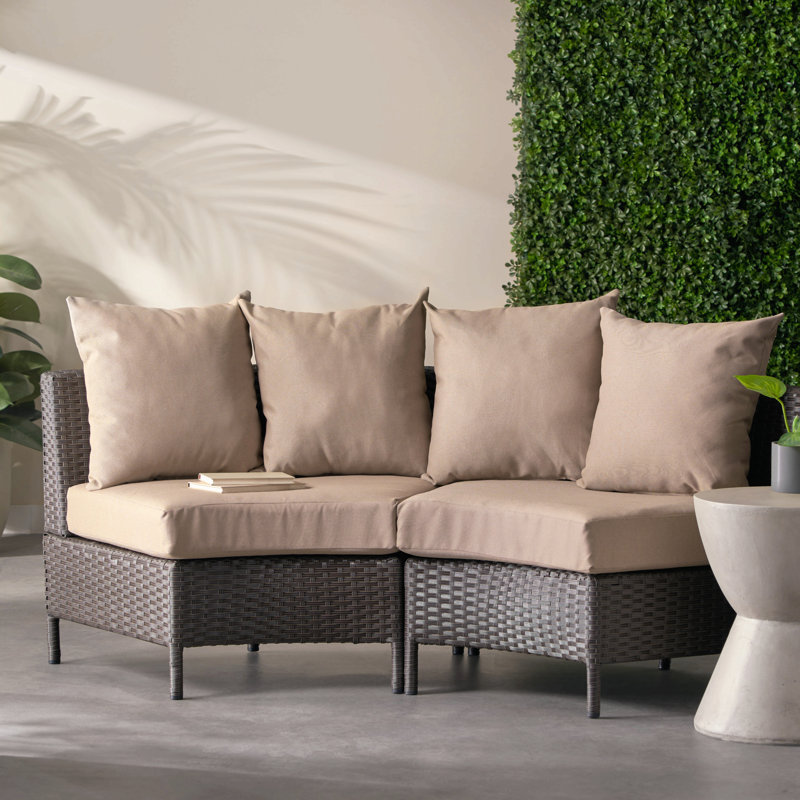 Canapé simple Pt Limon, Coussin brun / cadre brun foncé
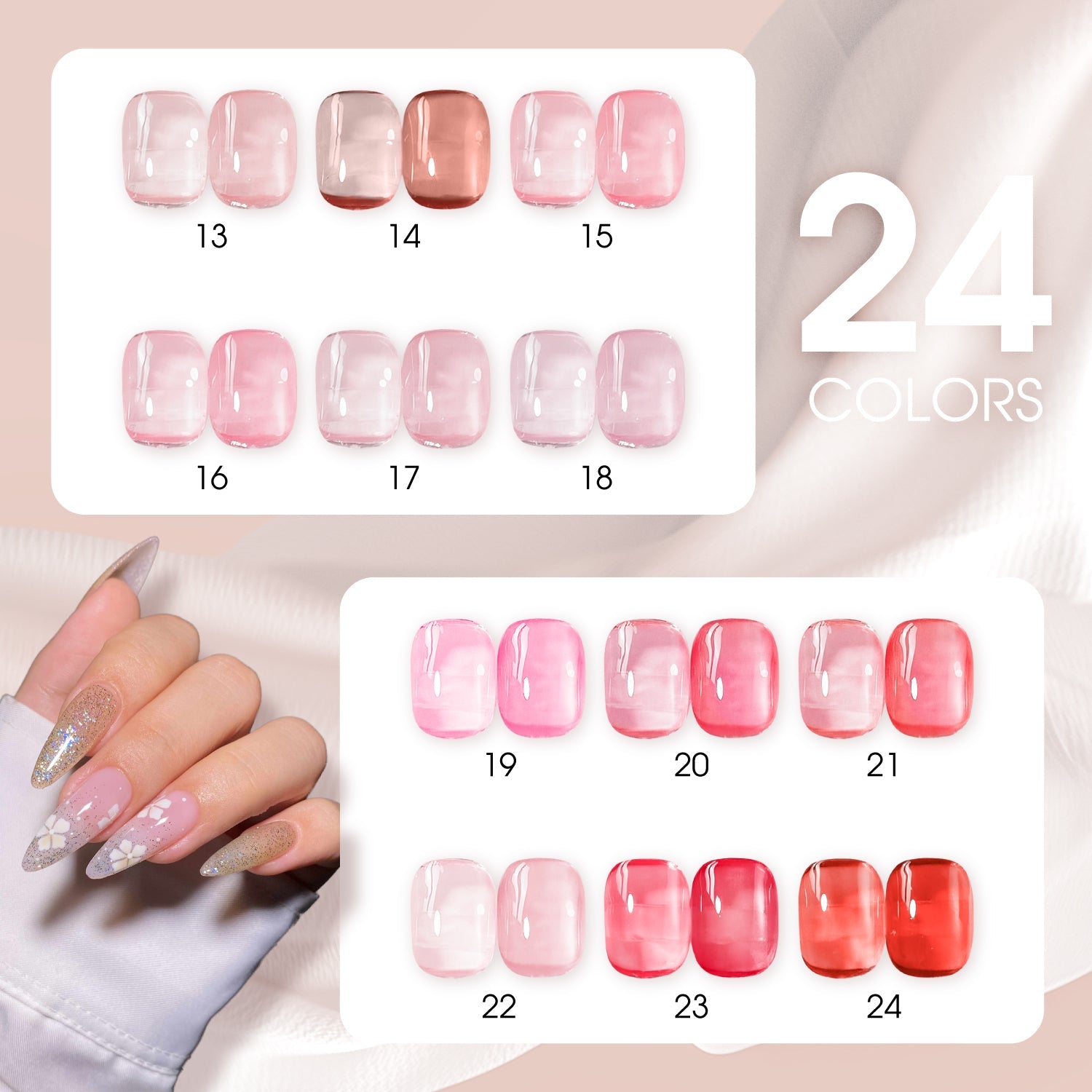 LAVIS C17 - Set 24 - Gel Polish 0.5 oz - Glossy Touch Collection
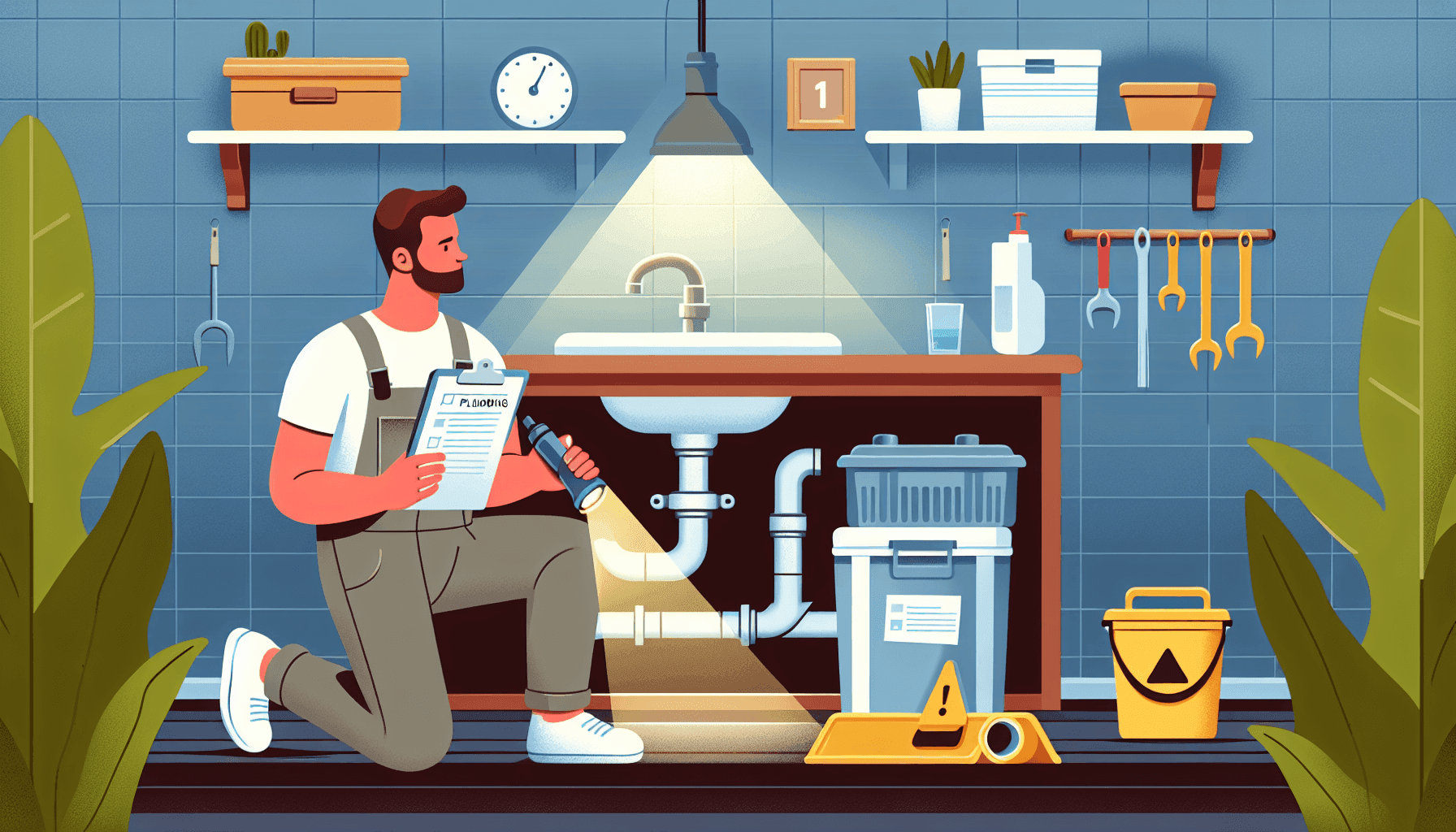 Homeowner checking plumbing pipes for maintenance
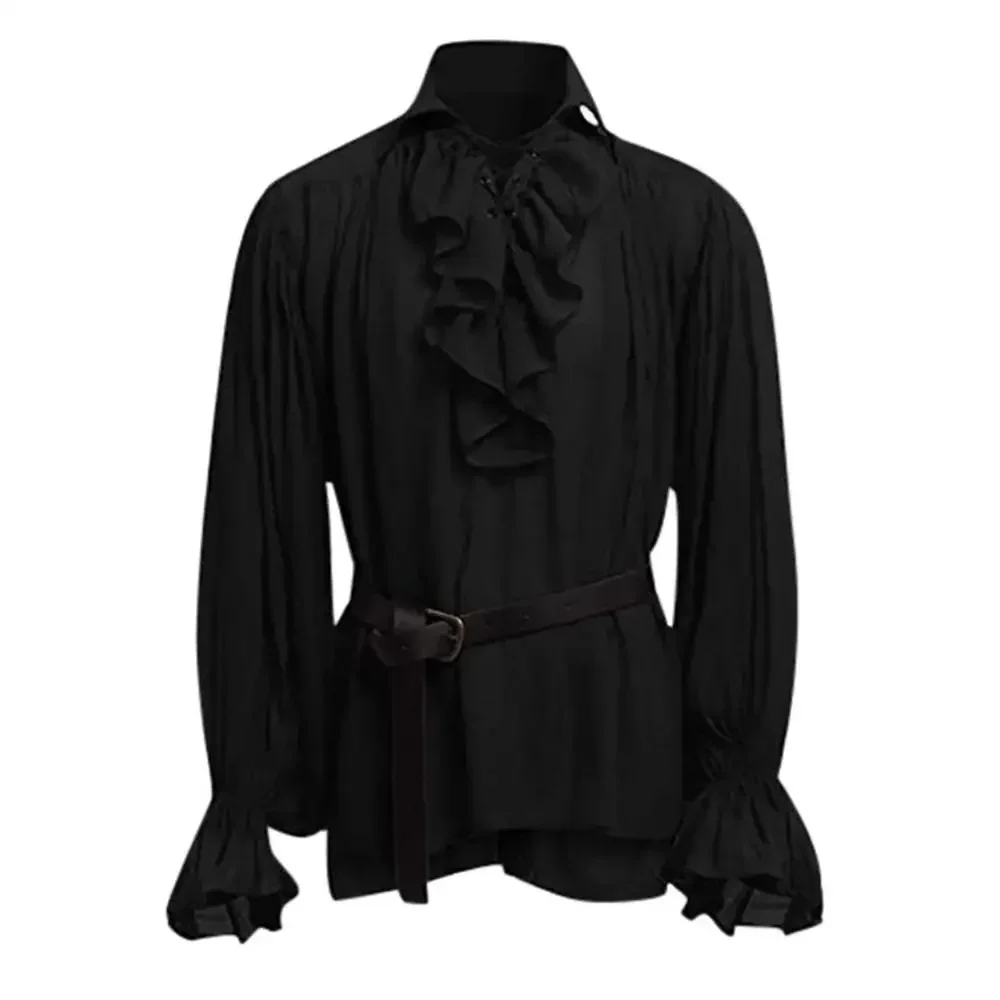 Camicie Medievali con Volant G - Medieval Gothic Lace Up Pirate Shirt recensione e prezzo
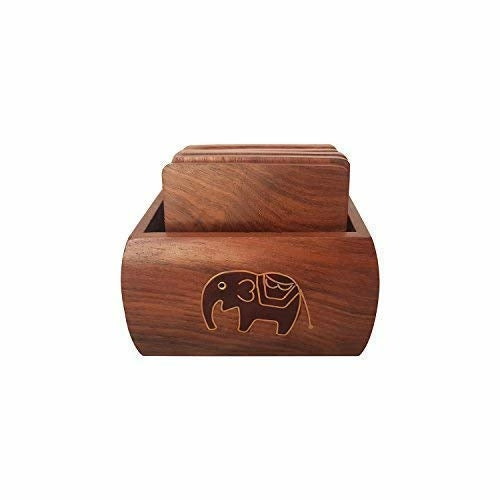 Sheesham Wood Black Elephant Wooden Tea Coaster Set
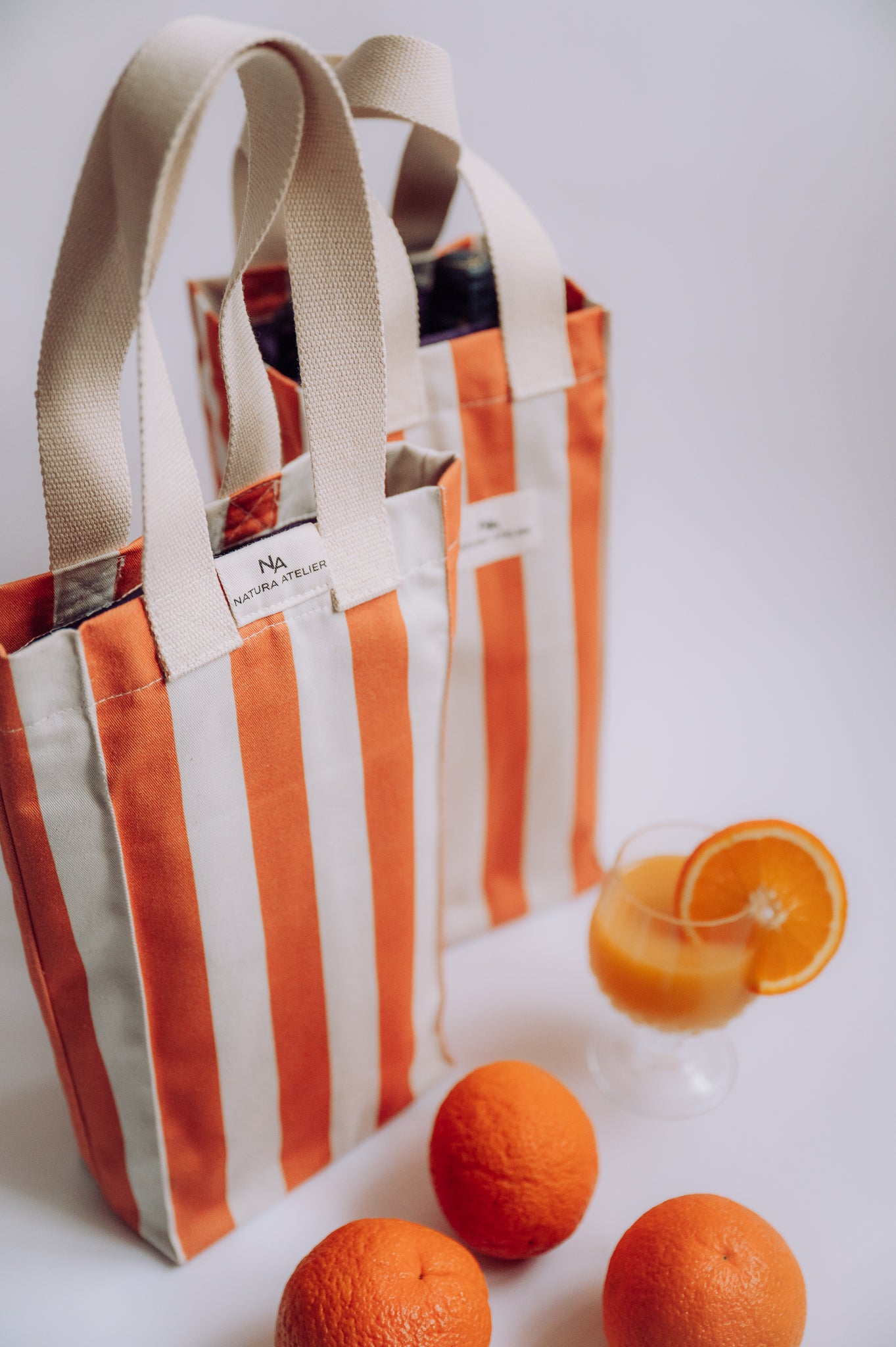 2 Bottle Bag - Pumpkin Stripes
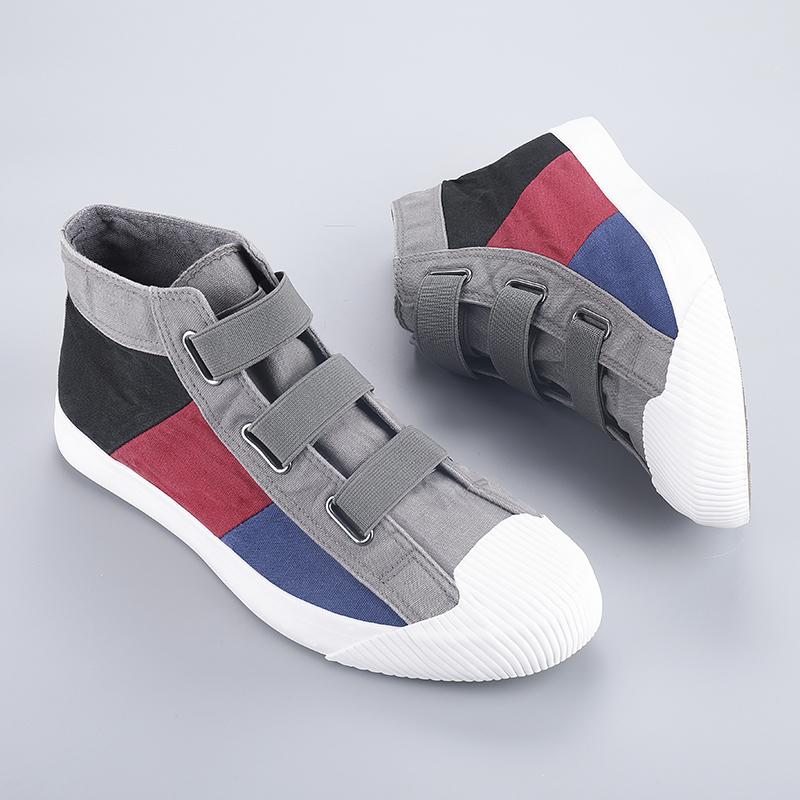 Scarpe di Tela Ballerine Quotidiane da Uomo Sneakers Alte con Lacci Scarpe Vulcanizzate da Uomo Abbinamento Colori Calzature da Passeggio Scarpe da Scuola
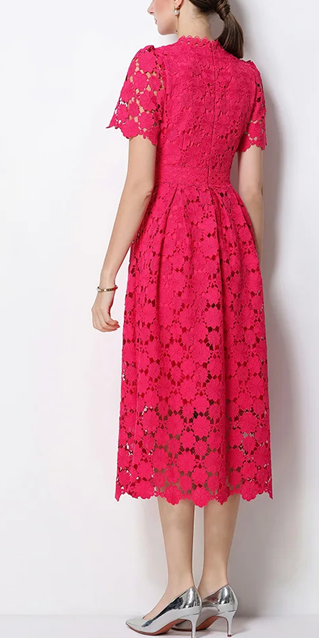 Vintage V Neck Summer Crochet Short Sleeve Pink Lace Dress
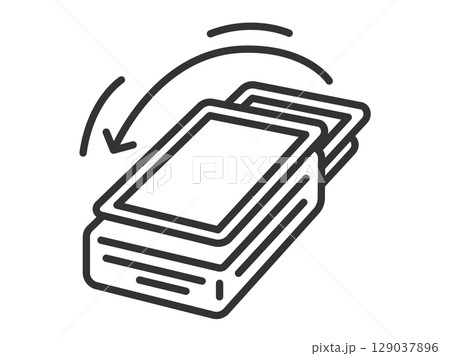 トレーディングカードの、デッキシャッフルのアイコン(線画)のイラスト トレーディングカードの、デッキシャッフルのアイコン(線画)のイラスト 129037896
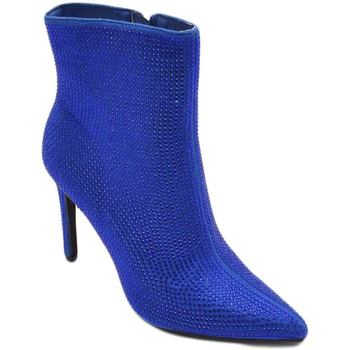 Scarpe Donna Tronchetti Malu Shoes Scarpa tronchetto mezzo stivaletto donna a punta blu con tacco Blu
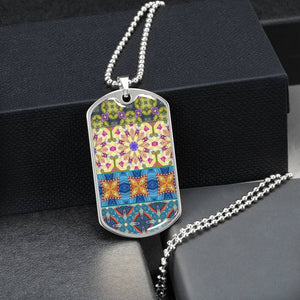 Byzantium Garden : Mixed Pattern, Soldiers’ tag necklace, Gold or Silver Plated with chain - In luxury packaging - Free standard shipping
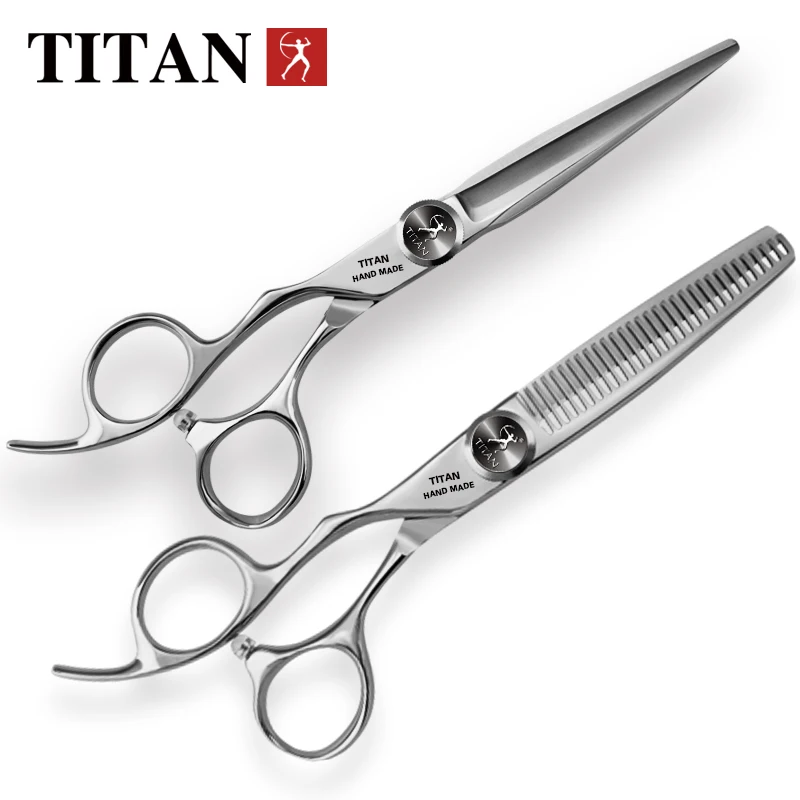 Color: Black - TITAN professional Barber cut left handle scissors hair scissors thinning hairdressing cutting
++++
▸ **Aim of the task**:
Your task is to reproduce exactly the lines from the one that holds "Vintage V Neck" to the last line of the listing, and only those, omitting the pictures.

▸ **Problem solution**:
 Vintage V Neck Summer Crochet Short Sleeve Pink Lace Dress
 トレーディングカードの、デッキシャッフルのアイコン(線画)のイラスト トレーディングカードの、デッキシャッフルのアイコン(線画)のイラスト 129037896
 Scarpe Donna Tronchetti Malu Shoes Scarpa tronchetto mezzo stivaletto donna a punta blu con tacco Blu
 Byzantium Garden : Mixed Pattern, Soldiers’ tag necklace, Gold or Silver Plated with chain - In luxury packaging - Free standard shipping
 Color: Black - TITAN professional Barber cut left handle scissors hair scissors thinning hairdressing cutting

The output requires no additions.